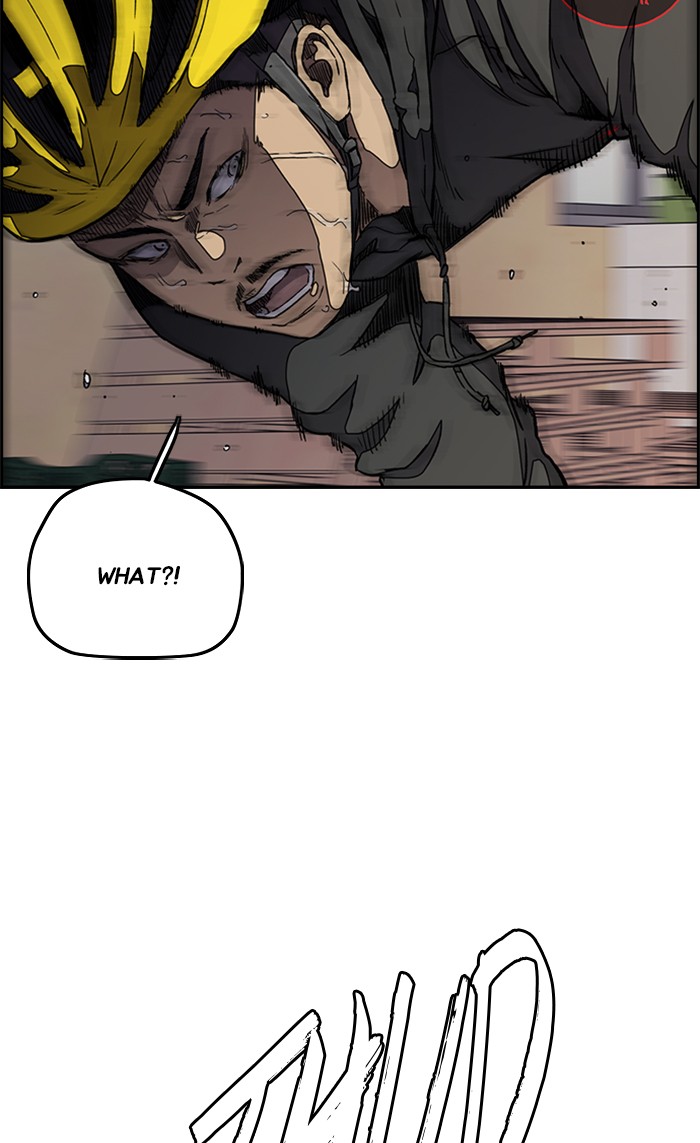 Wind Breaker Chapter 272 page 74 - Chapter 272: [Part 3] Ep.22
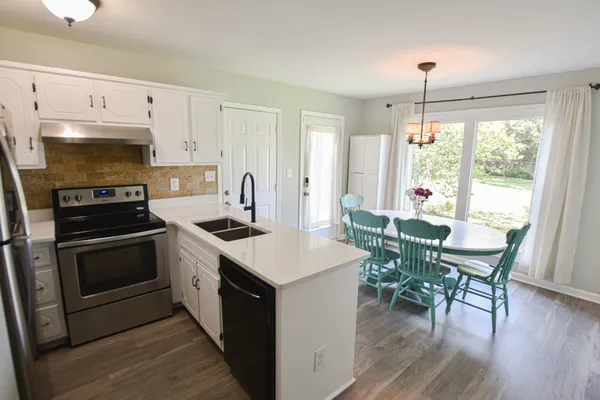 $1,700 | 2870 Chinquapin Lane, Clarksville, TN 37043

--

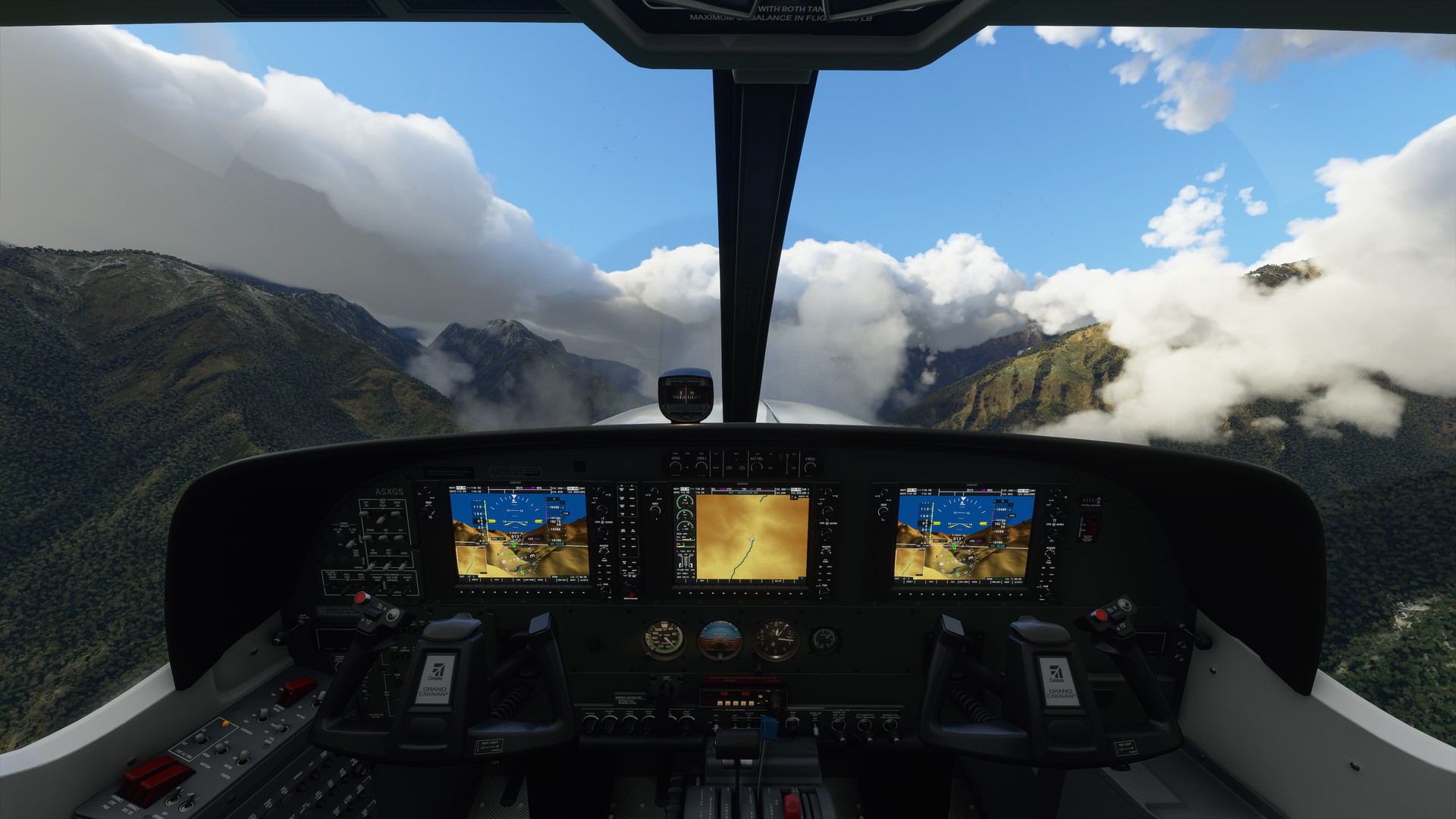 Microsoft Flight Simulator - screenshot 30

---

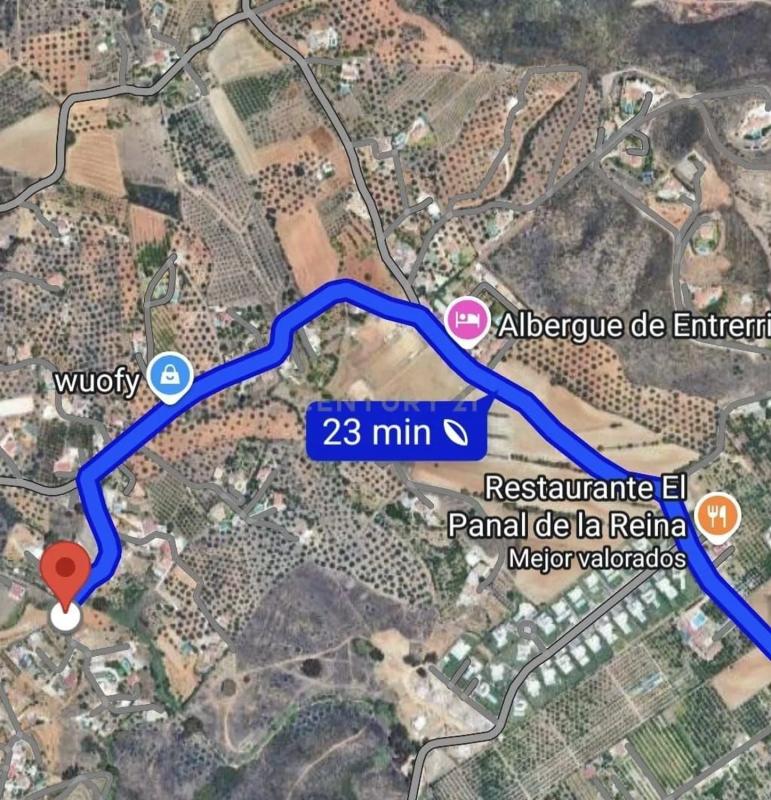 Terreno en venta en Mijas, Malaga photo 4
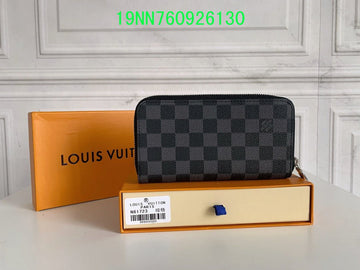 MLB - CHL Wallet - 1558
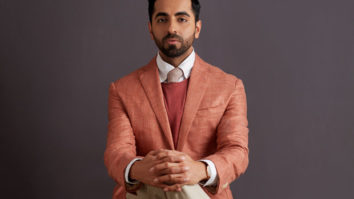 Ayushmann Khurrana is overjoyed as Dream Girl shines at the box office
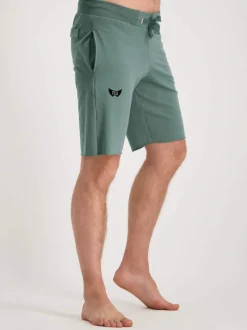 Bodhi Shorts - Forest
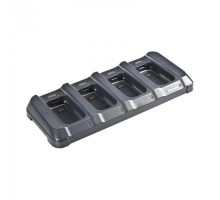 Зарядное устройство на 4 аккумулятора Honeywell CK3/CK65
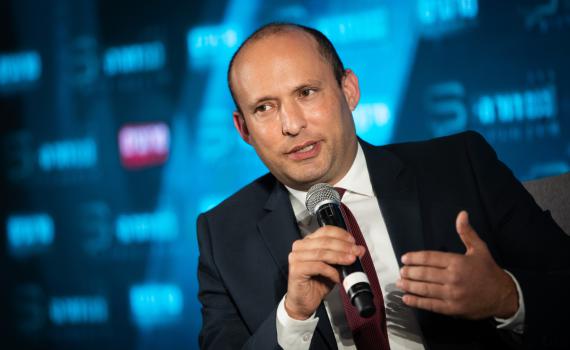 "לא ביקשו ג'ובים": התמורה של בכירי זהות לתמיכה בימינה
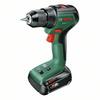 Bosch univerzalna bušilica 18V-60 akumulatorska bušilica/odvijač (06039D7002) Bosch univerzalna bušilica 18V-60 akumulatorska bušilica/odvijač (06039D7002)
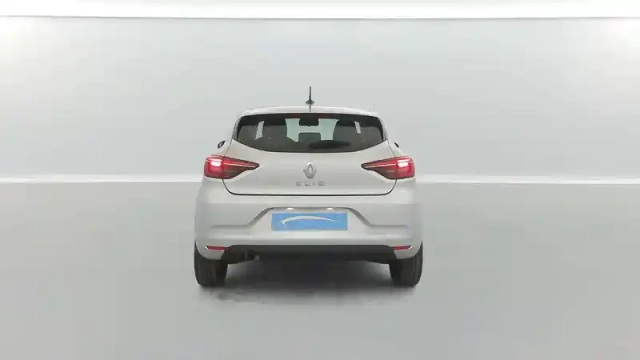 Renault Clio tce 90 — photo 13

- [DIRECTIONS FOR THIS TASK] Using the data above, retype exactly and only the lines from the one containing "Terreno en venta en Mijas, Malaga photo 4" up to and including the one containing "Renault Clio tce 90 — photo 13", with no pictures carried over.

- [ANSWER TO THIS PROBLEM]
 Terreno en venta en Mijas, Malaga photo 4
 MLB - CHL Wallet - 1558
 Ayushmann Khurrana is overjoyed as Dream Girl shines at the box office
 Bodhi Shorts - Forest
 Зарядное устройство на 4 аккумулятора Honeywell CK3/CK65
 "לא ביקשו ג'ובים": התמורה של בכירי זהות לתמיכה בימינה
 Bosch univerzalna bušilica 18V-60 akumulatorska bušilica/odvijač (06039D7002) Bosch univerzalna bušilica 18V-60 akumulatorska bušilica/odvijač (06039D7002)
 Renault Clio tce 90 — photo 13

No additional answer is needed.